Social Media Causes More Fights Than Gangs (In One District)

Personal conflict originating on social media causes more fights than gang violence in schools in Montgomery County, Maryland, according to a report by WTOP, a local news service (full disclosure: my family just moved to Montgomery County, which makes this a subject of particular interest).

WTOP interviewed Wayne Ferrell, a “cluster security coordinator” for the county’s public schools, who explained: “We’re dealing with so many issues day in and day out, and acts of violence and students being attacked based on what’s out there on their social network.” No causes were singled out but the report implies that the disputes are of a personal nature. 

In another classic case of unintended consequences, Ferrell also claimed that the combatants are taking advantage of a new, lighter disciplinary enforcement aimed at rehabilitation: “Kids are now starting to realize ‘You know, I can actually get away with doing certain things and it’s not going to be that serious’.”

While personal contretemps may cause more fights than gangs, social media also plays a prominent role in gang conflict.

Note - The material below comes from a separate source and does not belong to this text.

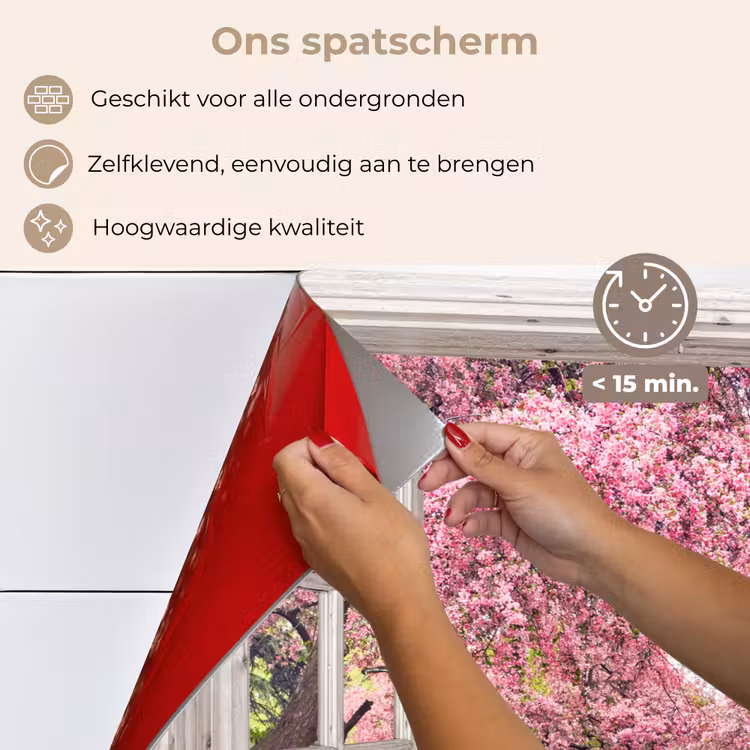 Japans - Sakura - Bloesem - Boom - Bloesem takken - Doorkijk keuken achterwand spatscherm klein -spatscherm_NL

In New York City police attributed multiple wide-ranging gang busts to the gang members’ own social media activity. In one 2012 case NYPD commissioner Ray Kelly noted: “Because of these individuals’ insatiable desire to brag about what they did, these investigators were able to draw a virtual map of their activities and bring them to justice.”

Kelly added that the NYPD “followed gang members on Twitter, on Facebook and on YouTube. By linking their boastings and postings on social media to active cases and other crime, these officers were able to build this case.”

Some studies have suggested a correlation between social media use and violence generally, although they do not distinguish between gang-related and personal violence. In a 2010 study published by Case Western Reserve's School of Medicine, excessive use of social media – specifically, "hypertexting" (sending more than 120 messages per school day) and "hypernetworking" (spending more than three hours per day on sites like Facebook) – were linked to dangerous health problems and antisocial behavior in teens.

Among the Case Western findings, teens who hypertext are twice as likely to have tried alcohol; 3.5 times more likely to have had sex; 40% more likely to have tried cigarettes; 41% more likely to have used illicit drugs; 43% more likely to be binge drinkers; 55% more likely to have been in a physical fight; and 90% more likely to report four or more sexual partners. Hypernetworkers were 60% more likely to have four or more sexual partners; 62% more likely to have tried cigarettes; 69% more likely to be binge drinkers; 69% more likely to have had sex; 79% more likely to have tried alcohol; 84% more likely to have used illicit drugs; and 94% more likely to have been in a physical fight.